WHAT IS NEEDED: Leave the pictures out, and transcribe the material below exactly from the line with "45 Navesink Ave, Middletown, NJ 07748" to the line with "kudapy เดรสสั้นสีเขียว/สีชมพู/สีครีม คอวีแขนสั้น", both lines included.

'''

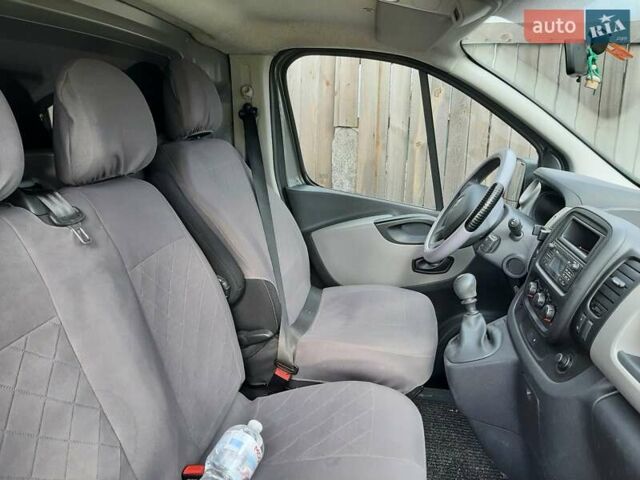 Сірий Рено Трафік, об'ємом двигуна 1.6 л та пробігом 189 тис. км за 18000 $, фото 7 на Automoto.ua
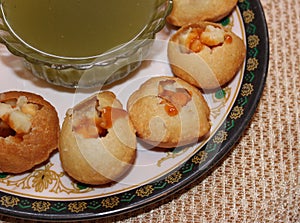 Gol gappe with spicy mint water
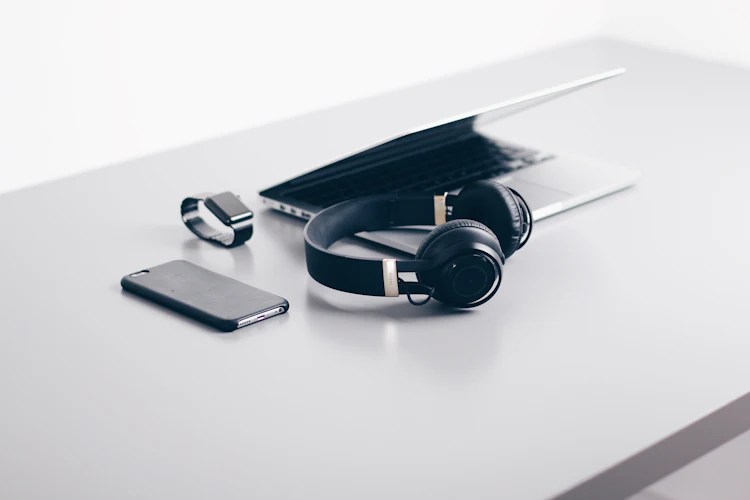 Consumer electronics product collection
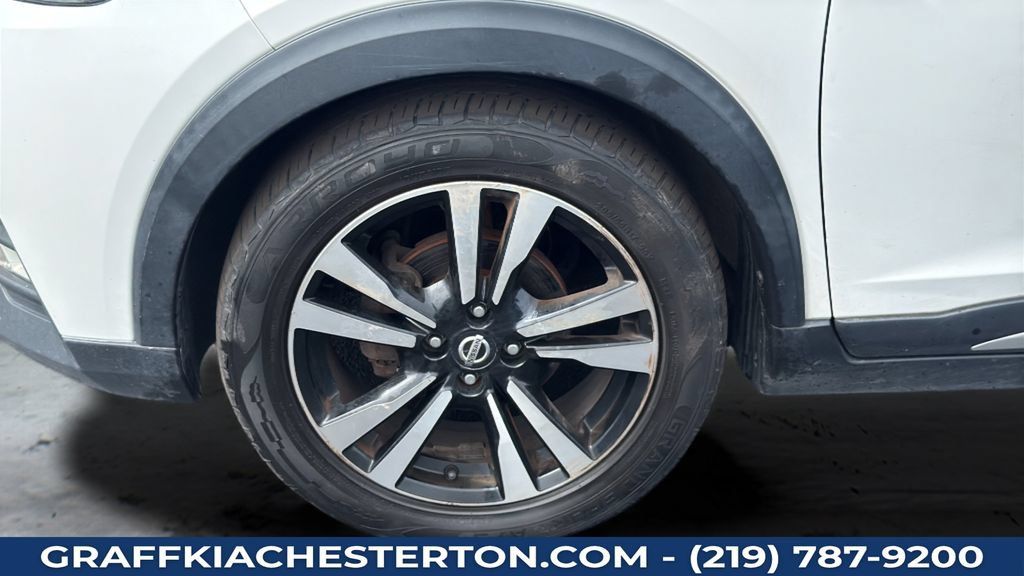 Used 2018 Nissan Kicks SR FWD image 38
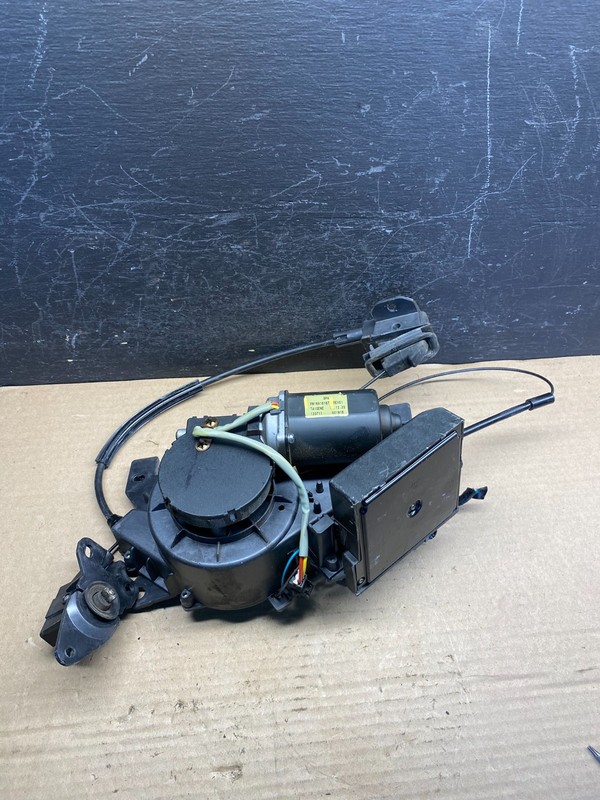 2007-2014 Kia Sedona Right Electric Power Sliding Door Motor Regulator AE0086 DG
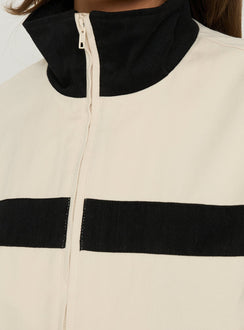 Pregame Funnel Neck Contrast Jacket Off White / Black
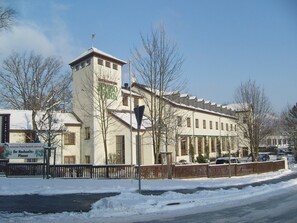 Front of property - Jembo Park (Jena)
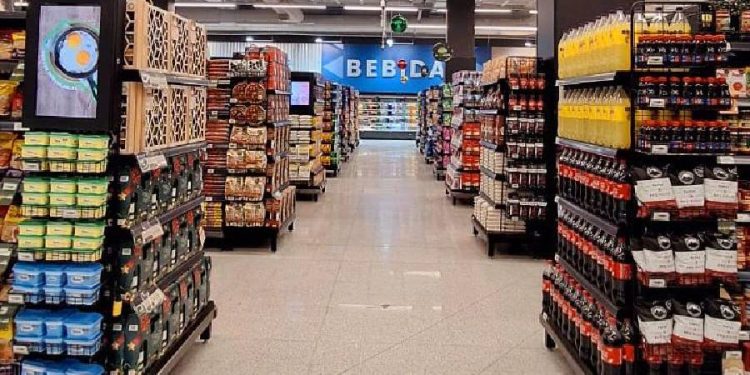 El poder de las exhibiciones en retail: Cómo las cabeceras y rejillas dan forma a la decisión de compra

'''
'''

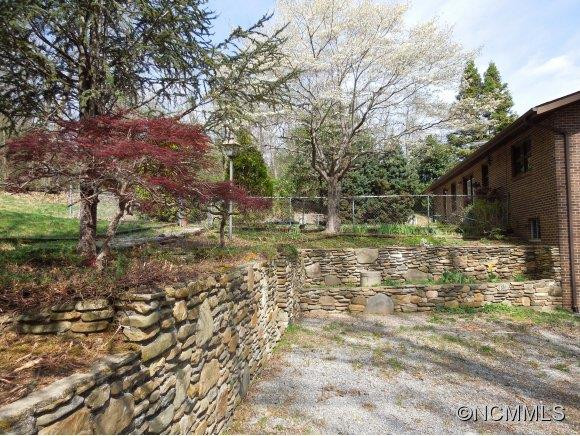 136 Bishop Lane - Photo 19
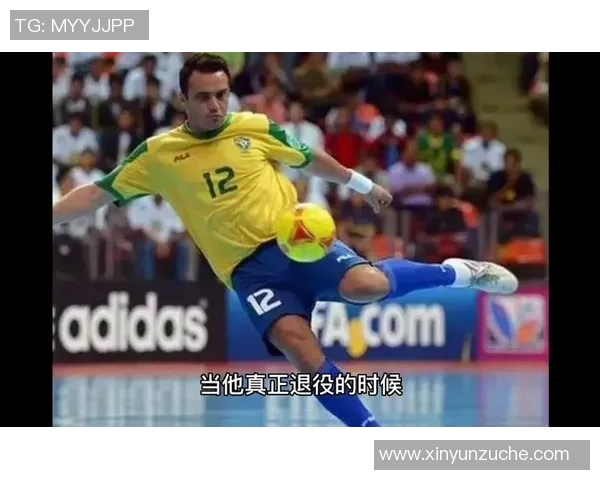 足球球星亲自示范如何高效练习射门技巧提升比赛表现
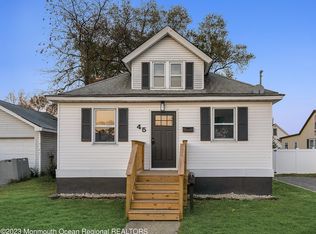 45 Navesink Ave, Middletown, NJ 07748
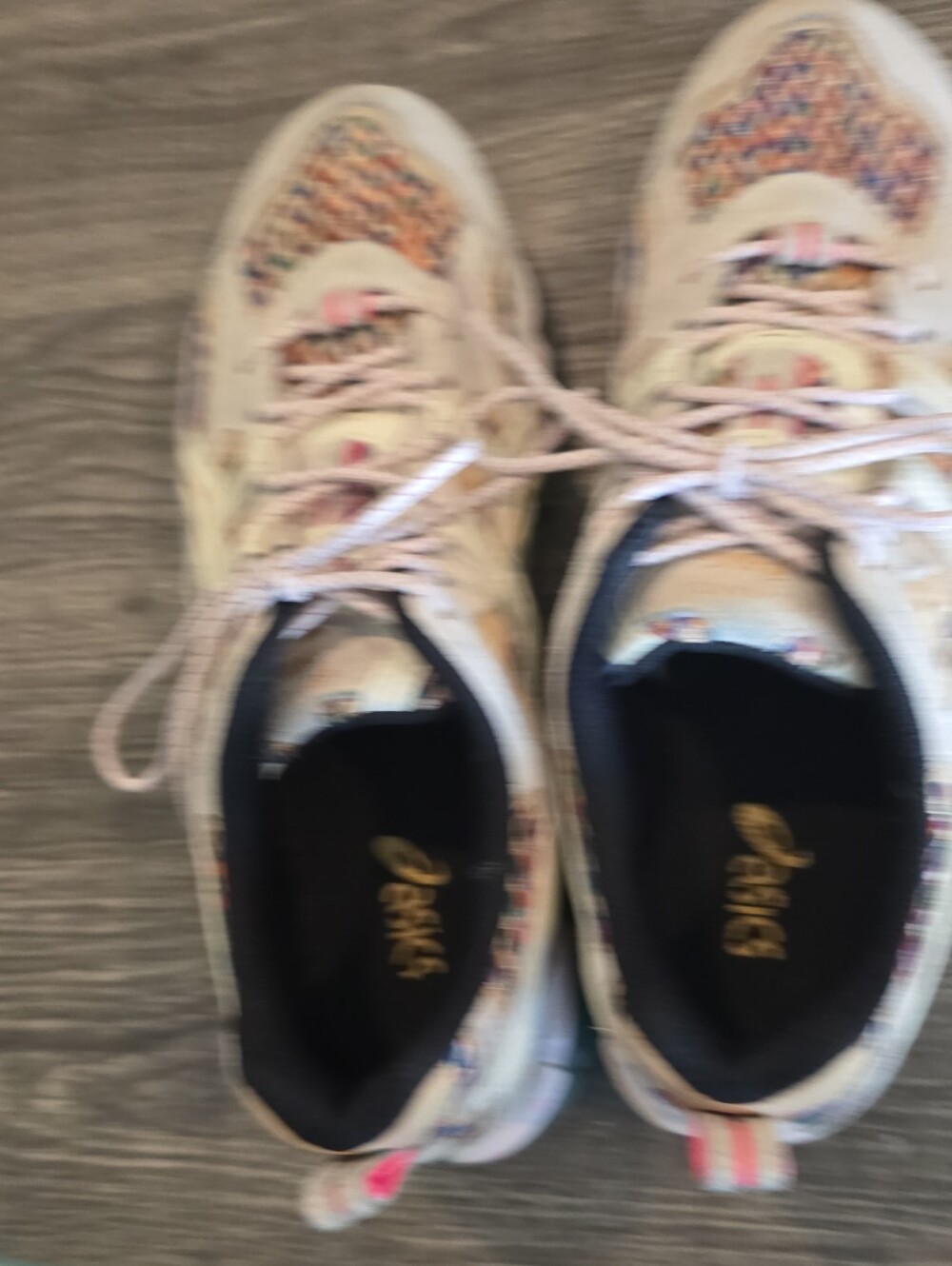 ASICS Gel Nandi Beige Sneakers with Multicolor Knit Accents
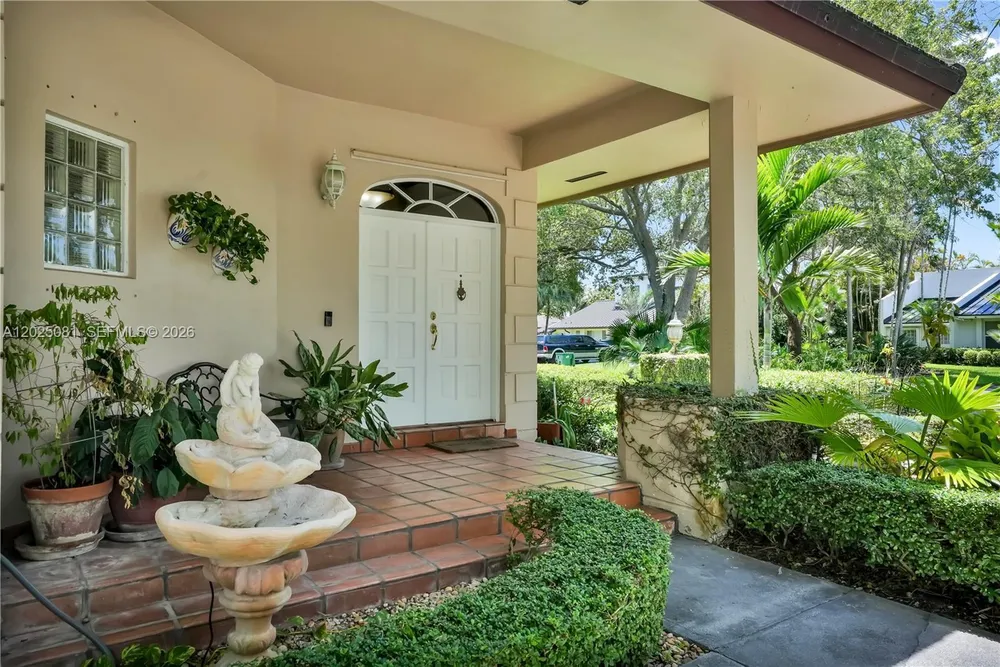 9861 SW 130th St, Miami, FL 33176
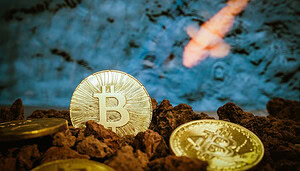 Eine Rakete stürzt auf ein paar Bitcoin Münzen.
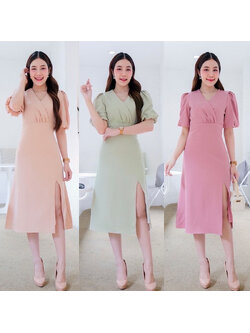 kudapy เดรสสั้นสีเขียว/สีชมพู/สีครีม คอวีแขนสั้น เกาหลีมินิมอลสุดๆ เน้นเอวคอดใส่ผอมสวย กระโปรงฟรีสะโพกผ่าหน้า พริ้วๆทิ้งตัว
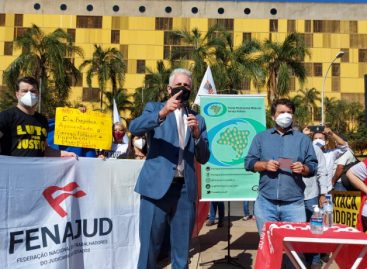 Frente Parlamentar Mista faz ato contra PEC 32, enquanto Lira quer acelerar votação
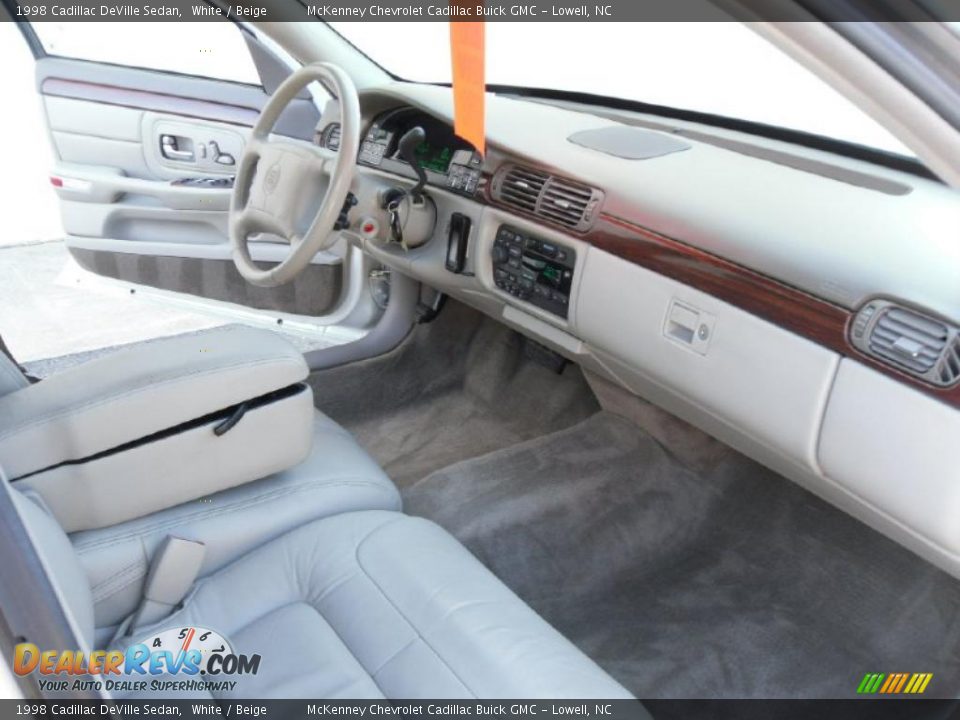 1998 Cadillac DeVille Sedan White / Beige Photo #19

'''

RESULT FOR THIS EXERCISE:
 45 Navesink Ave, Middletown, NJ 07748
 ASICS Gel Nandi Beige Sneakers with Multicolor Knit Accents
 9861 SW 130th St, Miami, FL 33176
 Eine Rakete stürzt auf ein paar Bitcoin Münzen.
 kudapy เดรสสั้นสีเขียว/สีชมพู/สีครีม คอวีแขนสั้น เกาหลีมินิมอลสุดๆ เน้นเอวคอดใส่ผอมสวย กระโปรงฟรีสะโพกผ่าหน้า พริ้วๆทิ้งตัว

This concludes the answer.